# General Operation from Binary Operation

## Theorem

Let $\left({S, \oplus}\right)$ be a magma.

Then there a unique sequence $\left \langle {\oplus_k} \right \rangle_{k \mathop \ge 1}$ such that:

$(1): \quad \forall n \in \N_{>0}: \oplus_n$ is an $n$-ary operation on $S$ such that:
$(2): \quad \forall \left({a_1, \ldots, a_k}\right) \in S^k: \oplus_k \left({a_1, \ldots, a_k}\right) = \begin{cases} a: & k = 1 \\ \oplus_n \left({a_1, \ldots, a_n}\right) \oplus a_{n+1}: & k = n + 1 \end{cases}$

In particular, $\oplus_2$ is the same as the given binary operation $\oplus$.

The $n$th term $\oplus_n$ of the sequence $\left \langle {\oplus} \right \rangle$ is called the $n$-ary operation defined by $\oplus$.

## Proof

Let $\Bbb S = \left\{{\odot:}\right.$ for some $n \in \N_{>0}$, $\odot$ is an $n$-ary operation on $\left.{S}\right\}$.

Let $s: \Bbb S \to \Bbb S$ be the mapping defined as follows.

Let $\odot$ be any $n$-ary operation defined on $\Bbb S$.

Then $s \left({\odot}\right)$ is the $\left({n+1}\right)$-ary operation defined by:

$\forall \left({a_1, \ldots, a_n, a_{n+1}}\right) \in S^{n+1}: s \left({\odot}\right) \left({a_1, \ldots, a_n, a_{n+1}}\right) = \odot \left({a_1, \ldots, a_n}\right) \oplus a_{n+1}$

By the Principle of Recursive Definition, there is a unique sequence $\left \langle {\oplus_k} \right \rangle_{k \mathop \ge 1}$ such that:

$\oplus_1$ is the unary operation defined as $\oplus_1 \left({a}\right) = a$

and:

$\oplus_{n+1} = s \left({\oplus_n}\right)$ for each $n \in \N_{>0}$.

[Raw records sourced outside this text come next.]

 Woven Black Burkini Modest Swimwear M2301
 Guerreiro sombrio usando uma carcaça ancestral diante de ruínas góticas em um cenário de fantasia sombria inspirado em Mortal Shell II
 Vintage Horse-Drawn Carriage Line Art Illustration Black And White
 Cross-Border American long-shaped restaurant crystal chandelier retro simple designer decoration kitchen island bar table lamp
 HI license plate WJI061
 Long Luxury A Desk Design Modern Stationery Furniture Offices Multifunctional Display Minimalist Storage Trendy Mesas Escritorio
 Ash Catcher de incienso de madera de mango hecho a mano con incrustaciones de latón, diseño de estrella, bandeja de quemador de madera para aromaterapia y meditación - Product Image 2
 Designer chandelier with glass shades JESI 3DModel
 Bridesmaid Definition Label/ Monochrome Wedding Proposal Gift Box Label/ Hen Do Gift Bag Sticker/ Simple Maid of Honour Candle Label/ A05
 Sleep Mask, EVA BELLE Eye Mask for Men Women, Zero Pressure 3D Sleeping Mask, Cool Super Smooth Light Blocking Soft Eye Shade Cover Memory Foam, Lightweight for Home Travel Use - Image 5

Let $A$ be the set defined as the set of all $n$ such that:

$\oplus_n$ is an $n$-ary operation on $S$

and:

by the definition of $s$, $(2)$ holds for every ordered $n + 1$-tuple in $S^{n+1}$.

It will be demonstrated by the Principle of Mathematical Induction that $A = \N$.

### Basis for the Induction

We have that:

$\oplus_1$ is the unary operation defined as $\oplus_1 \left({a}\right) = a$
$\oplus_2 = s \left({\oplus_1}\right)$

is the unique operation on $S$ such that:

 $\, \displaystyle \forall \left({a_1, a_2}\right) \in S^2: \,$ $\displaystyle \oplus_2 \left({a_1, a_2}\right)$ $=$ $\displaystyle s \left({\oplus_1}\right) \left({a_1, a_2}\right)$ Definition of $s$ $\displaystyle$ $=$ $\displaystyle \oplus_1 \left({a_1}\right) \oplus a_2$ $\displaystyle$ $=$ $\displaystyle a_1 \oplus a_2$

By the definition of a magma, $\oplus$ is a operation defined such that:

$\forall \left({a_1, a_2}\right) \in S \times S: \oplus \left({a_1, a_2}\right) \in S$

where $\oplus: S \times S \to S$ is a mapping.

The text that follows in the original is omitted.